= Kwabena Agyapong =

Ghanaian politician (born 1962)

Kwabena Agyei Agyapong (born 6 March 1962) is a Ghanaian civil engineer and politician.

==Early life==
Agyapong was born on 6 March 1962, in Kumasi, Capital of the Ashanti Region of Ghana. He was the son of Justice Kwadwo Agyei Agyepong, one of three Ghanaian judges who was abducted and murdered during the early years of Ghana's Provisional National Defence Council. (PNDC). He had his secondary school education at Mfantsipim School.

==Life in politics==
Agyapong belongs to the New Patriotic Party of Ghana. He became active in Ghanaian politics when Ghana reentered constitutional rule after over a decade of Military rule.
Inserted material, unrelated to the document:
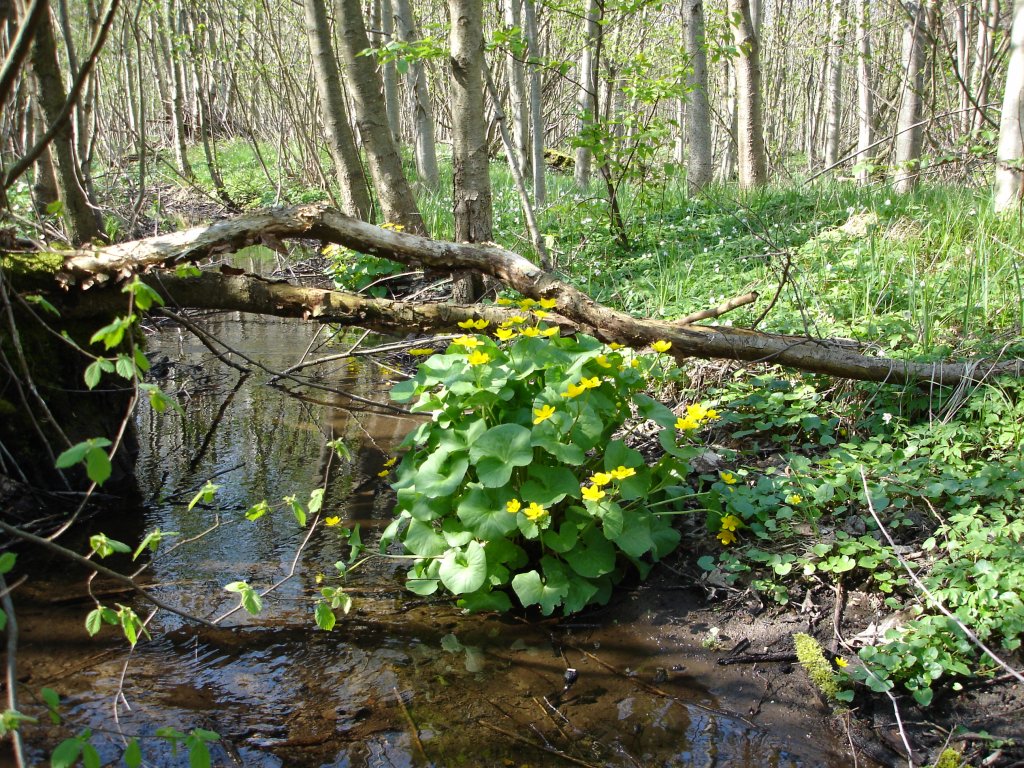 der Frühling ist angekommen,
Sumpfdotterblumen in den Auenwäldern der Rheinebene,
April 2004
He played roles in the campaigns of NPP Presidential Candidates Albert Adu Boahen in 1992, John Kufuor in 1996. He also played a role in Nana Akufo-Addo's campaign to win the presidential nomination in 1998 but subsequently played a role in the overall party effort during the 2000 General election which was won by John Kufuor. He was involved in this again in the year 2004.

He served as the Press Secretary to the President of Ghana John Kufuor from 2001 to 2006. Kwabena Agyapong was one of 17 aspirants who contested for the party's nomination to replace John Agyekum Kuffuor as presidential candidate for the 2008 Ghanaian General Election,
In 2014, Kwabena Agyapong stood for the position of General Secretary for the Party and won. However, he and the party's chairman, Paul Afoko faced a lot of resistance in trying to do their duties.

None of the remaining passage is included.